▸ Task
Scan the entries that follow for the word "Canvas", then report every line in which it appears.

[Records from a dataset]
:::::

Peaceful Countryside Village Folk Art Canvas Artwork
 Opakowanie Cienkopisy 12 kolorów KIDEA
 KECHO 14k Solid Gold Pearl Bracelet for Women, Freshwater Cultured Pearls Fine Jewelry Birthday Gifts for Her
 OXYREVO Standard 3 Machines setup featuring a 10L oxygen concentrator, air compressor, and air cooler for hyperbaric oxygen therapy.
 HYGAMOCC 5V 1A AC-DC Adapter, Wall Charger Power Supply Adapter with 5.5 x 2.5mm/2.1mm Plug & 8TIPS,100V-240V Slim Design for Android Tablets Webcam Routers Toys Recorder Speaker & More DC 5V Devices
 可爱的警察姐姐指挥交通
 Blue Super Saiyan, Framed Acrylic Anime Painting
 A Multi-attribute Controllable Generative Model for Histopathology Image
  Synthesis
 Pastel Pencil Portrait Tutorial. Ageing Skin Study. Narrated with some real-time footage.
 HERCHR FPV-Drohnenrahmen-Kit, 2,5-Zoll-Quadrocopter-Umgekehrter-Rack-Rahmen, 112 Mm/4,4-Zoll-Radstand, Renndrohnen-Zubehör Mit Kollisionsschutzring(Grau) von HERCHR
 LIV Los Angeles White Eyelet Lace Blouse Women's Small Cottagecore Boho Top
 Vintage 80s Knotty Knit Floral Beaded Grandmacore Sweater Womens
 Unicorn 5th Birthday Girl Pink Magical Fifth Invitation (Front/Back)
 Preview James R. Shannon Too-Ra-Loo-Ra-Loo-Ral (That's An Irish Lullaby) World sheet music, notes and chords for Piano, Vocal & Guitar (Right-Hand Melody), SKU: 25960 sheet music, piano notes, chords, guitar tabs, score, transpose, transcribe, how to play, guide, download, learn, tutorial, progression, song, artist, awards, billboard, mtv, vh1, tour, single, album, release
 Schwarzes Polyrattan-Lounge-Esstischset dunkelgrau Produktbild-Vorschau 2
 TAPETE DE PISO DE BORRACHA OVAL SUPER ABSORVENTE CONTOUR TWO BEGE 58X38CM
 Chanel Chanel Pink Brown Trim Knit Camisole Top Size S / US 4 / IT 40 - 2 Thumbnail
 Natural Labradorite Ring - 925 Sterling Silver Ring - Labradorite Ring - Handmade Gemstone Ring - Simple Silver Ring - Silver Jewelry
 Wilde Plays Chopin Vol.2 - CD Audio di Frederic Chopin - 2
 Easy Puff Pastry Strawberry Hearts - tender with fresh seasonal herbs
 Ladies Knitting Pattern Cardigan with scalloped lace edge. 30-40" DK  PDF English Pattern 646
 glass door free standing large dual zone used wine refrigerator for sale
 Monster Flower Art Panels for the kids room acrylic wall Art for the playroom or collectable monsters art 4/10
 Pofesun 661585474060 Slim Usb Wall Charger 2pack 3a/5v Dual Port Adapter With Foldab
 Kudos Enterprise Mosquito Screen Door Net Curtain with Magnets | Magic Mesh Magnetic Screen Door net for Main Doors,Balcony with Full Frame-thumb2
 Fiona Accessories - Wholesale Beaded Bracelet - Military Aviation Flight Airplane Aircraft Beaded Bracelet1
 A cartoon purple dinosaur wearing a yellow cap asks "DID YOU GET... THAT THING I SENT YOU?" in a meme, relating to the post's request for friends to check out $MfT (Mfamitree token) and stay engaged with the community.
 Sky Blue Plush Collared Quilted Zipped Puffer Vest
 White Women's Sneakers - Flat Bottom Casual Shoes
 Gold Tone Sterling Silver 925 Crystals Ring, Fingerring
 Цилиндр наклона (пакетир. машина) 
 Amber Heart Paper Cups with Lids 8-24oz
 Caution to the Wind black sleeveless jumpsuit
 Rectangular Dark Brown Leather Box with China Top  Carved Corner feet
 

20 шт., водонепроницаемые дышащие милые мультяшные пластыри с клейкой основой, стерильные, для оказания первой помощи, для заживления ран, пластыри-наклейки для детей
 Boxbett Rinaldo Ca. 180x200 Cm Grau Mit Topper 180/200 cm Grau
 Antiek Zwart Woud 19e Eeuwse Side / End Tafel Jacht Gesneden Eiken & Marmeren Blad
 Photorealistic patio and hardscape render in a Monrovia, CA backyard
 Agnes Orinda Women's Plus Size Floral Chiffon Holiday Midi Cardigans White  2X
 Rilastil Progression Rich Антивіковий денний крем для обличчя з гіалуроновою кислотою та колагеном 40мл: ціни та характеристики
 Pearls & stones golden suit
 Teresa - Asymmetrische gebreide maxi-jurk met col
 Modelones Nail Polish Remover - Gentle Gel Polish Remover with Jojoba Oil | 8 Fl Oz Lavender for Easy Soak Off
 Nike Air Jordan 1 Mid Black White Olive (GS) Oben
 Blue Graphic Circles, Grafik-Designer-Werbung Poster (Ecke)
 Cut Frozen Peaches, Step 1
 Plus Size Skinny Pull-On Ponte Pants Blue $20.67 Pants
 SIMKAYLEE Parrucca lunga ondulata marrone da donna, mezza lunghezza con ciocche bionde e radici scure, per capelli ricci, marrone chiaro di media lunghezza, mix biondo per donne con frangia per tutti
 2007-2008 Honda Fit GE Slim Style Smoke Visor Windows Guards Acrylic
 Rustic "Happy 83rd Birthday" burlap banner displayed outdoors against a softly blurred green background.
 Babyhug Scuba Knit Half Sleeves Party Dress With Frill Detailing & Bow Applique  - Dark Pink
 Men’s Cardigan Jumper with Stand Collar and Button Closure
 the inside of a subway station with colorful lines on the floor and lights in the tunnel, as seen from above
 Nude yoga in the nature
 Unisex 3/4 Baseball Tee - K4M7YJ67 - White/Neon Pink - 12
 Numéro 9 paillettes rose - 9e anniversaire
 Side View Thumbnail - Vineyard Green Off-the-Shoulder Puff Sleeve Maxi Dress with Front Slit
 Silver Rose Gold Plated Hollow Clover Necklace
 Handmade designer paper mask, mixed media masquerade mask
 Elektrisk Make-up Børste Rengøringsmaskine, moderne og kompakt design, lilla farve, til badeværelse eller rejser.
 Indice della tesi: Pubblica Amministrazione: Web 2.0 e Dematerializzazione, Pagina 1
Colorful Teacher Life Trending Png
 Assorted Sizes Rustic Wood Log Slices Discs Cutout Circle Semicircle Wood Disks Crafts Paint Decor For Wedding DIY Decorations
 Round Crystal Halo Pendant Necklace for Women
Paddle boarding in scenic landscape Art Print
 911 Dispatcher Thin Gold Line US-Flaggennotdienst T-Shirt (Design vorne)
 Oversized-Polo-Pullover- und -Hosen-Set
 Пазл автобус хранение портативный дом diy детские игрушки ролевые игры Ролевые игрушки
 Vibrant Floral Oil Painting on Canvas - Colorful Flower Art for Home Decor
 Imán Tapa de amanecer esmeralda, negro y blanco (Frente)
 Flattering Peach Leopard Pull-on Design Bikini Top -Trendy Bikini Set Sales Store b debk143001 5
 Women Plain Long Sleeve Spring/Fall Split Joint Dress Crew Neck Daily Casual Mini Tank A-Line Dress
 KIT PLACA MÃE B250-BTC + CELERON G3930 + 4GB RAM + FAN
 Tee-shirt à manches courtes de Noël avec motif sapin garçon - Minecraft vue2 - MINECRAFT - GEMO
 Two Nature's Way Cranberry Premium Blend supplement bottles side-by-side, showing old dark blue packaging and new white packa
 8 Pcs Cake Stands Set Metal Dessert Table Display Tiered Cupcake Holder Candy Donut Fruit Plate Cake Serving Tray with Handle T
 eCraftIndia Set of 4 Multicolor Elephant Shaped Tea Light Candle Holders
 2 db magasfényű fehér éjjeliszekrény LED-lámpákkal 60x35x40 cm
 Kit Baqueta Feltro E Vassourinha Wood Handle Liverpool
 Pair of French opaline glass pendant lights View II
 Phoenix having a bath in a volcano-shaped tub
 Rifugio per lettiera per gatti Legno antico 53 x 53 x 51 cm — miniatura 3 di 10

:::::

▸ Task response
Peaceful Countryside Village Folk Art Canvas Artwork
 Vibrant Floral Oil Painting on Canvas - Colorful Flower Art for Home Decor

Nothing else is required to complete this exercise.